I wonder did Evan Rachel Wood and Dita Von Teese proffer any pleasantries when they happened across each other at the *inhales deeply* Fashion Group International's 26th annual Night Of Stars at Cipriani Wall Street last night.
Evan Rachel Wood: Oh. Hello, Dita.
Dita Von Teese: Hello Evan. Rachel. Evan Rachel. ER. Whatever you refer to yourself as.
ERW: You're looking surprisingly perky, given the no bra and you're over a decade older than me. Did you get the ladies done again?
DVT: A lady never tells. While we're being civil - creative use of the hotel room drapes. Scarlett O'Hara would be impressed. Did you learn that in your Home Economics class?
ERW: Bite me, grandma
DVT: Weren't you like my mini-me for approximately two years? Watch your tongue or I'll put you over my knee.
ERW: Ugh, again?
DVT: Speaking of blatant copycats, did Gwen Stefani come as a Can-Can girl in a DIY skirt. Did she train it to pull itself up at the front?
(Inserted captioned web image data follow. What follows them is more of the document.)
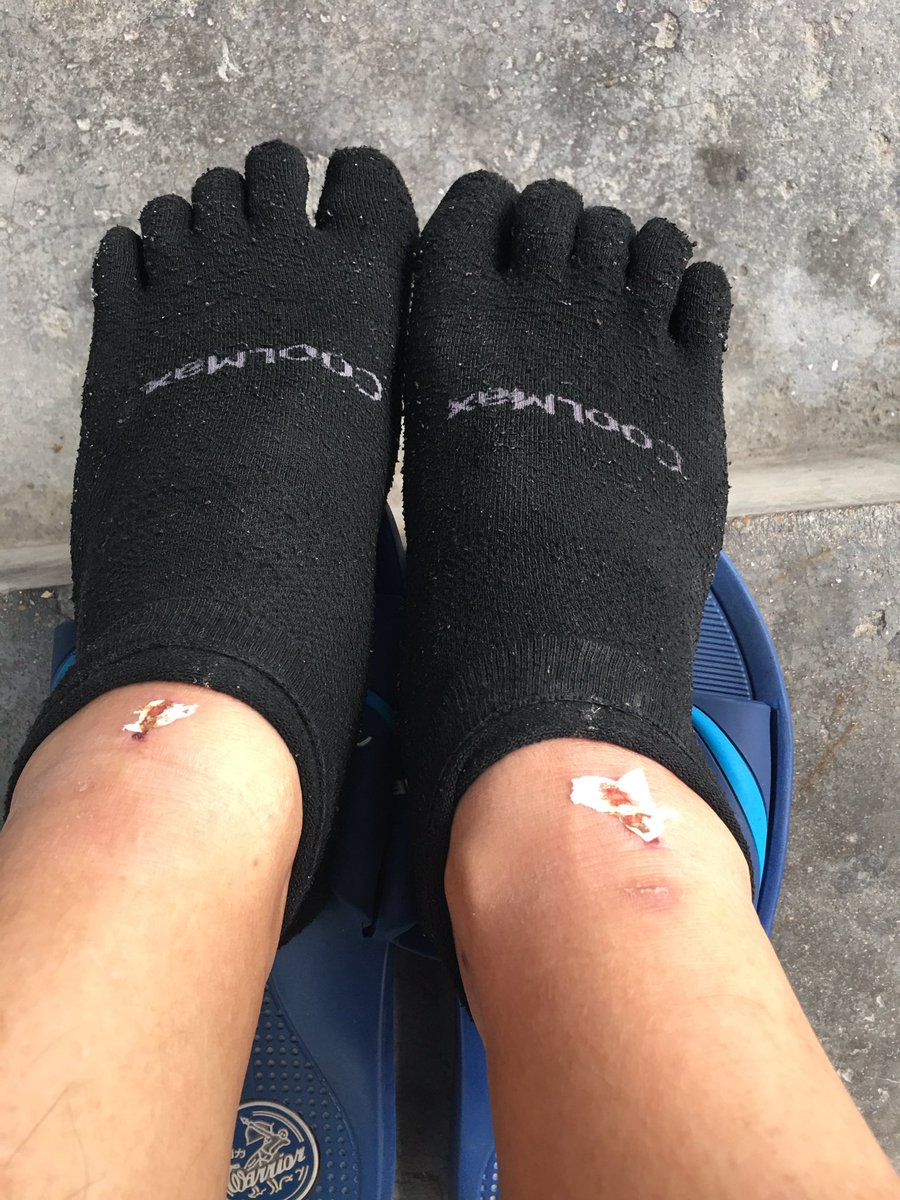 20250411
也不知道干了什么
昨天全身酸痛
特别是两条腿子
另外有磨到图片位置的吗？
我也是第一次遇到
礼拜二跑完就这样了
哭死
How novel. And it has just the right hint of crotch. A lady never shows her crotch, Evan Rachel. Learn from the master.
ERW: Well, not since a certain shoot with a Playboy Playmate Alley Baggett in a 1999 lesbian themed photoshoot. Hedgehog much?
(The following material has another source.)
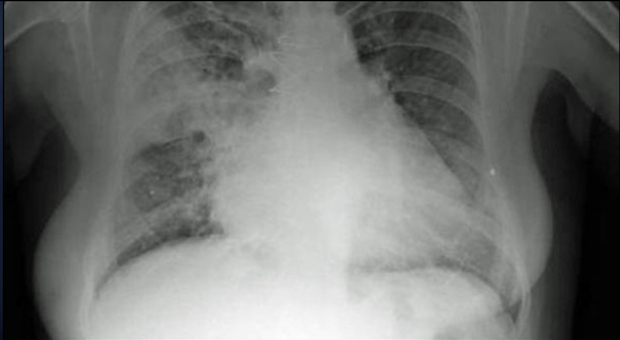 Covid, come si sviluppa la polmonite bilaterale? Il ruolo delle particelle di grasso killer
DVT: Oh. You're embarrassing me. Stop it. If I blush and it permeates my pan stick that's my mystique shattered. Anyway, the Jay Sisters had yet to invent the Brazilian, kiddo.
ERW: I'm done with you now. I'd much rather feel superior to this person. So, you won an award. For what? Managing to outrun Madonna after you stole her ill-advised felt scrunchy ear things?
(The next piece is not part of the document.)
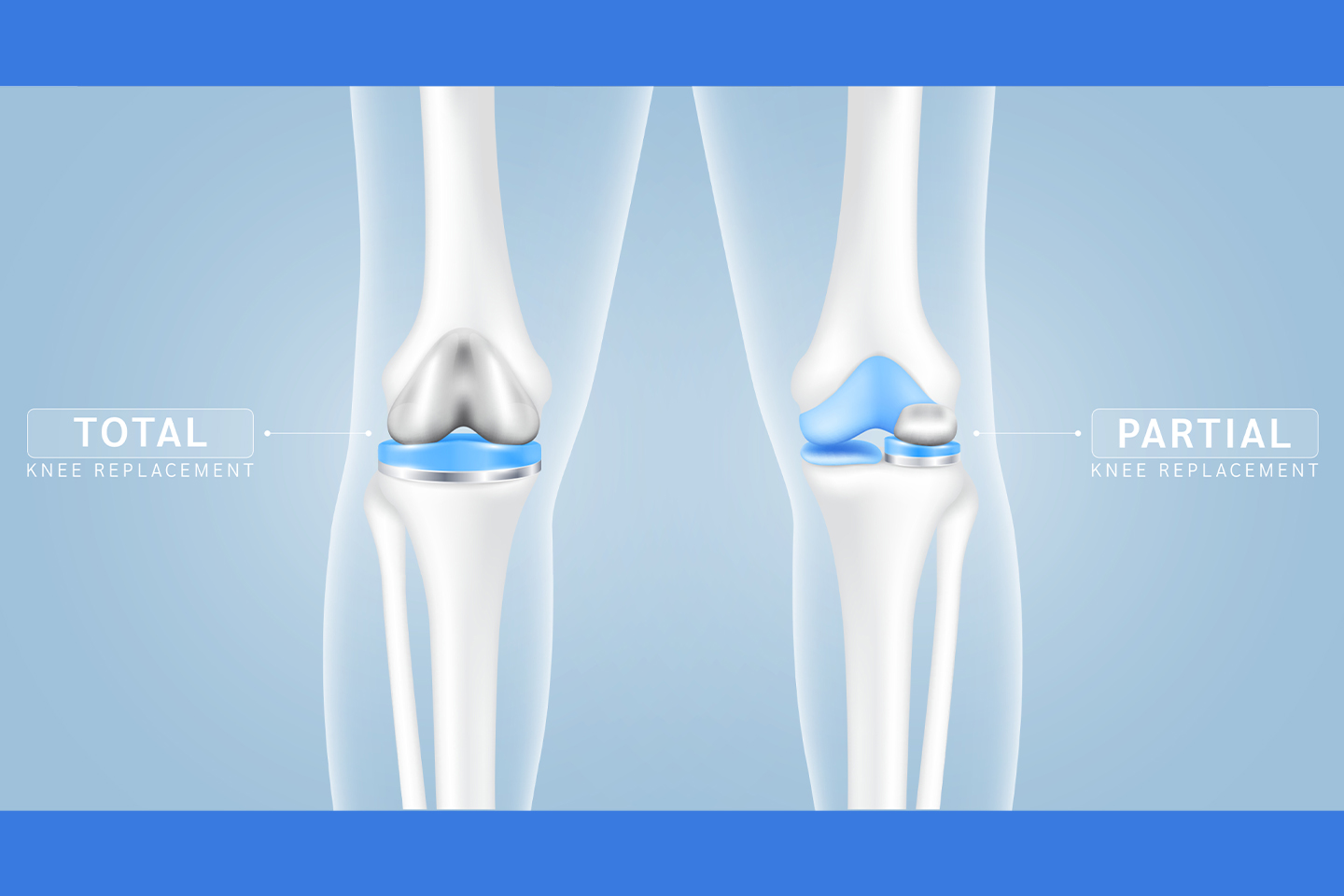 Total knee replacement and partial knee replacement - Meril Life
DVT: Oh, please, honey. Learn from the master. What you need to do is pick on someone who's really asking for it. Choose an easy target to start with.
ERW: Minnie Mouse isn't an easy target?
DVT: Not when this is in the vicinity.
OK, Grace? From one tumbleweed tressed redhead to another - don't use a normal brush to brush your hair. And NEVER brush your hair while it's dry. If you must use a hairdryer, ALWAYS use a diffuser. Finally, and most importantly, SERUM IS YOUR FRIEND.